The U.S. Energy Information Administration (EIA), the statistical and analytics unit of the U.S. Department of Energy (DOE), issued their updated short-term energy outlook on July 10, 2018. In it, they indicate that oil demand growth, including liquid fuels, continues to be very strong (see table). Global oil demand growth has accelerated during the last 12 months. EIA analysts estimate growth of over 1.7 million barrels per day (MMBD) this year, up from 1.58 MMBD growth in 2017. They expect this strong growth to continue into 2019 with an additional 1.71 MMBD of growth. Most oil experts estimate that trend oil demand growth is 1.1 MMBD, based on estimates of long-run global GDP growth and trend improvements in energy efficiency and renewables energy demand growth. As the table shows, EIA analysts expect world real GDP growth to be above 3% in 2018-2019.

  • One of the key features of this report is the shift in production location for the “incremental” barrel of oil. In contrast to the period prior to the mid– to late 2000s, OPEC had much more control of the oil production outcomes. With Saudi Arabia the biggest player, it could leverage its influence within the cartel to control production and therefore pricing outcomes.

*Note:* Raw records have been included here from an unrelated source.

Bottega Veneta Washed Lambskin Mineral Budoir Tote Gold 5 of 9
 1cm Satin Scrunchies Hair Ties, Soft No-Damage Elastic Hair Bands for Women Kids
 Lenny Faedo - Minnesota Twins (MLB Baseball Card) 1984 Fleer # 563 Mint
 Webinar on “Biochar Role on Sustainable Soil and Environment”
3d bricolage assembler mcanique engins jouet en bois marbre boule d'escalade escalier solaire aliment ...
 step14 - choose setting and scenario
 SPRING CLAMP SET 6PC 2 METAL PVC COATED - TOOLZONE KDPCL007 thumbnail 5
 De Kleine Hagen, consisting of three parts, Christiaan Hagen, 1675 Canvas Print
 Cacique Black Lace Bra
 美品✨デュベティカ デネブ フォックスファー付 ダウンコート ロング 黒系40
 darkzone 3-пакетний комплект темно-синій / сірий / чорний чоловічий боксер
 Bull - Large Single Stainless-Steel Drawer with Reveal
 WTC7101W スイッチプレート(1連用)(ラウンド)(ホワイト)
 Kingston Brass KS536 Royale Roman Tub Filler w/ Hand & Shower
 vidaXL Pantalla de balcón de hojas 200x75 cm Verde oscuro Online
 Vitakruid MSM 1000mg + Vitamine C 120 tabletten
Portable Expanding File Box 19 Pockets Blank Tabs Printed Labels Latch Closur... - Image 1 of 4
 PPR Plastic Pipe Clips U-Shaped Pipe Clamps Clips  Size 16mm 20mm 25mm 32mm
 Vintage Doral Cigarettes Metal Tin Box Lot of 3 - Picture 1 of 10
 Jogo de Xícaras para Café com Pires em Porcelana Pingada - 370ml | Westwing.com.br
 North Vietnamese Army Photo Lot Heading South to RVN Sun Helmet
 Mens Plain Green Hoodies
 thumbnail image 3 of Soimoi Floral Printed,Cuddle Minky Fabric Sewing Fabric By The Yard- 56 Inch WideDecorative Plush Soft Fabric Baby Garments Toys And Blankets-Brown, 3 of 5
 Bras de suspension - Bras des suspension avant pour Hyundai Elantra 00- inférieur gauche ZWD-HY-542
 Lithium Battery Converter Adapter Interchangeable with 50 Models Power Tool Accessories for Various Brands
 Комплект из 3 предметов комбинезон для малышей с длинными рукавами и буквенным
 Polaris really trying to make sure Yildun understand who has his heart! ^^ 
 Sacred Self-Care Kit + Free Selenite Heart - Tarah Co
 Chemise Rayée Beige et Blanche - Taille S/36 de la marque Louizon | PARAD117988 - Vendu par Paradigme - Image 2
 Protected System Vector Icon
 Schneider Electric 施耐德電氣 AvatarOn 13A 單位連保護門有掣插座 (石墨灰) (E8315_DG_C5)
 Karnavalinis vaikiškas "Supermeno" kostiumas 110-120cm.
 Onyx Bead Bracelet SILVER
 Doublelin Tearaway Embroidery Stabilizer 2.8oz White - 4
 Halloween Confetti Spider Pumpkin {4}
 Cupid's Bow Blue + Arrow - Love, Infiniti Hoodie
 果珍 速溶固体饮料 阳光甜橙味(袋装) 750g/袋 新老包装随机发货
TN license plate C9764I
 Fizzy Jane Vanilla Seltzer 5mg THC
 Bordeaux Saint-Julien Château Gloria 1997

  • More recently, the U.S. has become the dominant producer as crude oil production hit a record 11 MMBD the week of July 20th, according to an EIA report. Some estimates suggest that the marginal cost of lifting shale oil from the Permian Basin has dipped below $50 per barrel. Any price above this marginal cost will turn a profit for producers.
  • With energy demand so strong, oil prices rebounded to nearly $80 per barrel at the end of June. Today’s Brent oil price quote for the September 2018 contract is $74.25 per barrel, suggesting a persistent rise since the low point in early 2016. Arguably, at that price, many oil producers are profitable, both within OPEC and among the companies in non-OPEC countries.
  • This market environment, to be sure, makes it challenging to pursue a future energy complex which diminishes the reliance on fossil fuels absent policies designed to compensate for the social costs of the emissions into our physical environment.